А до этого момента... Давос и не вспоминал о своей ладанке. Не вспоминал все то время, что он провел на скале - порядка пары недель. В Хронологии у меня ошибка - 3-4 дня прошло только со времени последнего шквала, а Давоса выбросило на скалу гораздо раньше. Вот доказательства:
Он раскрыл рот в безмолвном крике. Вода, отдающая солью, хлынула внутрь, и Давос Сиворт понял, что тонет.
Когда он снова пришел в себя, светило солнце, а он лежал на берегу под голым каменным шпилем. Кругом простирался пустой залив. Рядом с собой он увидел сломанную мачту со сгоревшим парусом и чей-то раздутый труп. Мачту и мертвеца смыло следующим приливом, и Давос остался один на скале, среди копий сардиньего короля.

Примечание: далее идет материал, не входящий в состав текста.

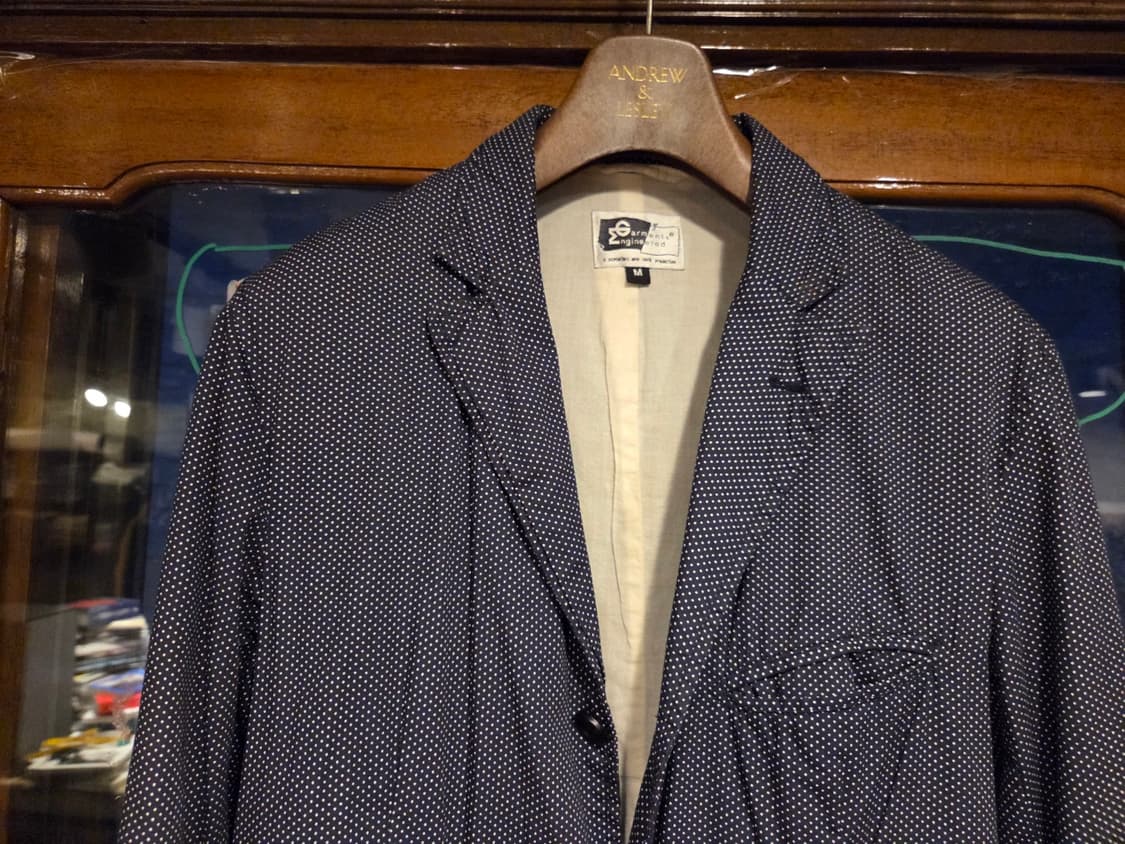 엔지니어드가먼츠  상품이미지6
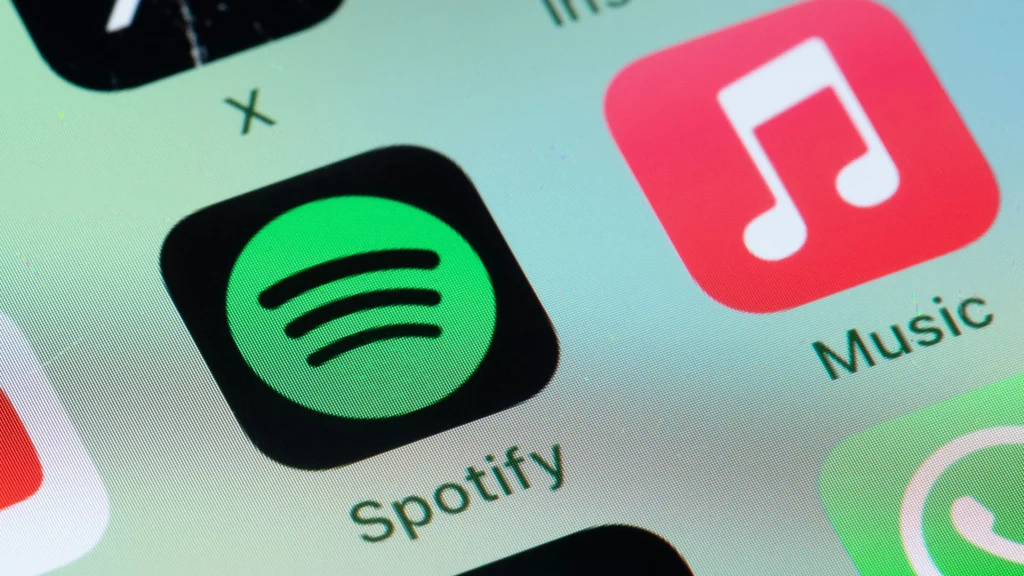 Apple Critiques Spotify in Light of Recent EU Antitrust Fine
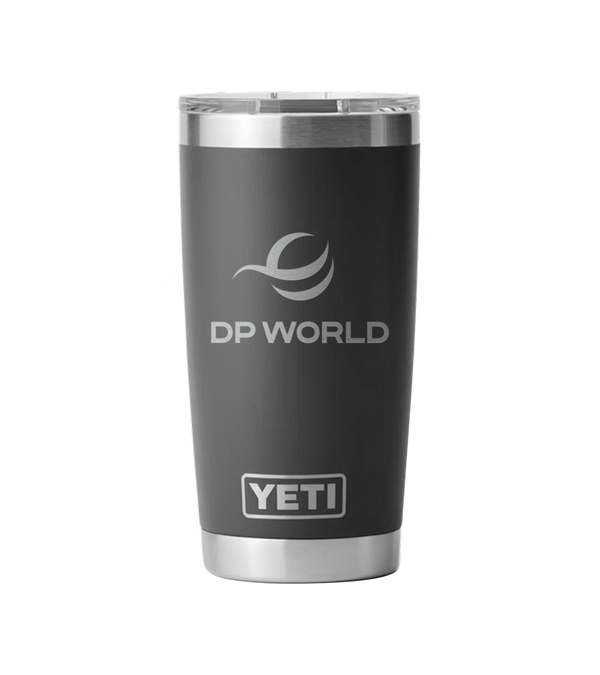 YETI Rambler 20 oz. Tumbler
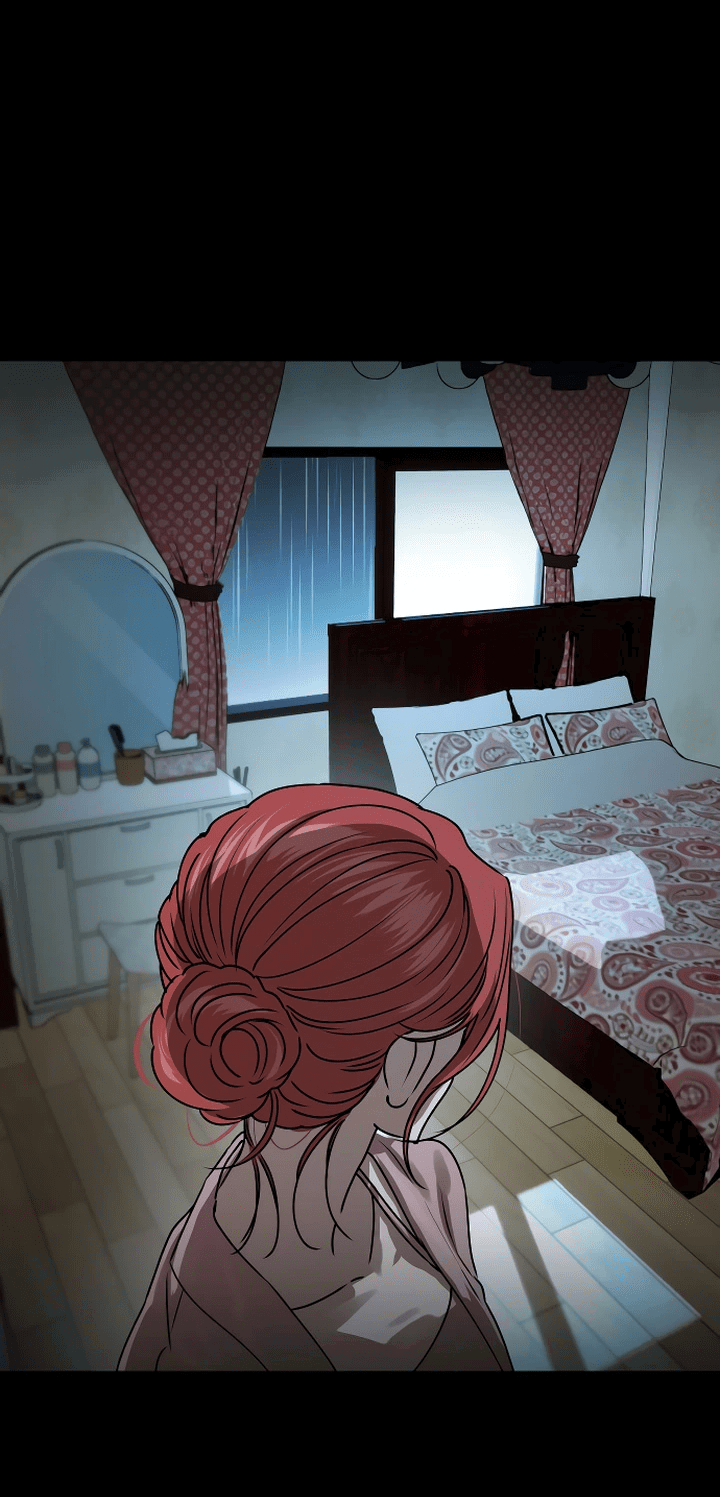 Манга Даже если я утону - Глава 47 Страница 16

Днем, пока солнце светило, было еще терпимо, однако ночи становились все холоднее, и порывистый ветер часто пролетал над заливом, гоня перед собой белые гребни, а Давос трясся, промокший насквозь. Лихорадочный жар и сырой холод чередовались попеременно, и с некоторого времени Давоса стал мучить раздирающий грудь кашель.
Иного пристанища, кроме мелкой пещерки, у него не было. В отлив на берег часто выносило плавник и обгоревшие обломки кораблей, но ему нечем было высечь огонь.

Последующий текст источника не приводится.